Azénor, princesse de Léon, était mariée à Chunaire, comte de Goello et de Tréguier.

Le comte, ayant eu à s'absenter quelque temps, apprit, à son retour, que, pendant son absence, sa femme lui avait été infidèle.

Cette accusation — noire calomnie inventée par une odieuse marâtre — trouva créance auprès du comte qui, pour n'avoir pas à châtier lui-même celle qu'il avait aimée autrefois, la ramena à Brest et la rendit à son père en lui expliquant le motif de ce renvoi.
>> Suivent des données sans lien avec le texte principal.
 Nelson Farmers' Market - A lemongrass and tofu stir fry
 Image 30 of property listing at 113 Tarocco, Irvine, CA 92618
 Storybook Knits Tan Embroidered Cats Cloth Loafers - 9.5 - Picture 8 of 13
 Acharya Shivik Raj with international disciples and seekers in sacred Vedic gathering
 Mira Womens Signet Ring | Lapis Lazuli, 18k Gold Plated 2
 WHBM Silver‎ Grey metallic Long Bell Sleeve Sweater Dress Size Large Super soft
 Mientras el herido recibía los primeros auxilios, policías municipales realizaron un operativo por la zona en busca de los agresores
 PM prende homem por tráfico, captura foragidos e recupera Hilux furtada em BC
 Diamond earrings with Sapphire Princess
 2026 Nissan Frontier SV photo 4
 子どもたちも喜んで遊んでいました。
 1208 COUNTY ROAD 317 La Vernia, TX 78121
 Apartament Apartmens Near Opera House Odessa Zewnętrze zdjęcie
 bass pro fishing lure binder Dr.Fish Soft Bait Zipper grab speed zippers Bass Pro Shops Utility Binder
Le père, exaspéré contre sa fille, voulut incontinent la livrer aux flammes, en dépit de ses protestations d'innocence ; mais, sur sa déclaration qu’elle était enceinte de quatre mois, il préféra s'en remettre au jugement de Dieu.

Il l'enferma donc dans un tonneau qu'il fit jeter dans la mer à la merci des flots, des vents et des écueils.

 

Mais laissons la parole au R. P. Albert le Grand. (Vie des Saints de Bretagne, p. 719 et s. q.).

« Ce petit vaisseau, ballotté par les ondes, servait de jouet aux vents et aux marées cinq mois entiers qu'il côtoya le rivage de la Bretagne, de l'Angleterre et de l’Irlande, en danger continuel de mille naufrages humainement inévitables....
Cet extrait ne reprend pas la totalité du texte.